Investing in gold is not going to be a reliable protection against inflation
The world is again on the verge of a financial crisis, which means that the popularity of gold as an investment instrument is growing again. This metal is considered such a “safe haven”, which helps to survive difficult times due to the relative stability in price. The worse the economic situation in the world, the higher the demand for the precious metal. However, do not rush to invest in gold. In the short term, this investment tool is unlikely to provide protection against inflation.
Why gold is not reliable protection against inflation
If gold really was a guaranteed protective asset against inflation, then its value would be constant. But in the United States, stable deflation has been observed since October 2018, and the precious metal for this period still showed an increase in the value of 12%. In addition, the ratio of gold to the consumer index has increased. If in October 2018 it was 4.8, now it has reached the level of 5.3.
Half a year is a short time, and changes in the ratio of gold to a consumer index can fluctuate even within a few decades. For example, in 2001 this indicator was at the level of 1.5, and by 2011 it was at the level of 8.
The argument that the changes in the price of gold are not connected with real, but with anticipated inflation, also does not hold water. To confirm this, we can consider the depreciation rate, projected for 30 years, based on the break-even level. For this, the difference in yield between ordinary treasury bonds and similar securities that are protected from depreciation is taken into account. The Fed unit in the city of St. Louis reduced the value from a previously projected 2.13% to 1.85%. Therefore, this indicator can also not be considered.
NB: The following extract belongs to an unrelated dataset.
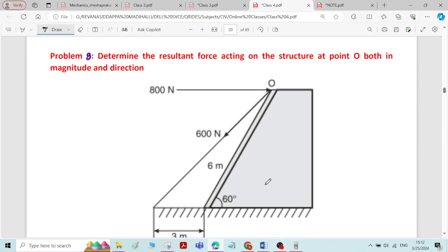This is problem number 8 on resolution and composition of forces. We need to determine the resultant force acting on the structure at point O, both in magnitude and direction. This is a dam structure with two forces acting on it: a 600 N force and an 800 N force. We have to find the resultant of both these forces.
Naturally, not only inflation affects the cost of the precious metal, but it is this factor that should be considered key. The relationship between gold and the depreciation of currencies was studied even by scientists. In particular, a professor at the Department of Finance and Lending at Duke University Campbell Harvey and a former analyst at TCW Group Claude Erb presented the results of the study, which was called the “Golden Dilemma”. The specialists took as a basis for the model, which was based on the ratio of the average cost of the precious metal and the CPI index.
From the report, it follows that from the time gold was put out for free trading, its price to CPI ratio was at the level of 3.57 to 1. According to the forecast, if the value of the precious metal changes significantly upwards or downwards in relation to the index, then sooner or later it will still return to the specified values.
This means that in order for gold to justify its cost in relation to inflation, it must either increase CPI (by as much as 47%), or the price of the precious metal should roll back to $ 901 an ounce.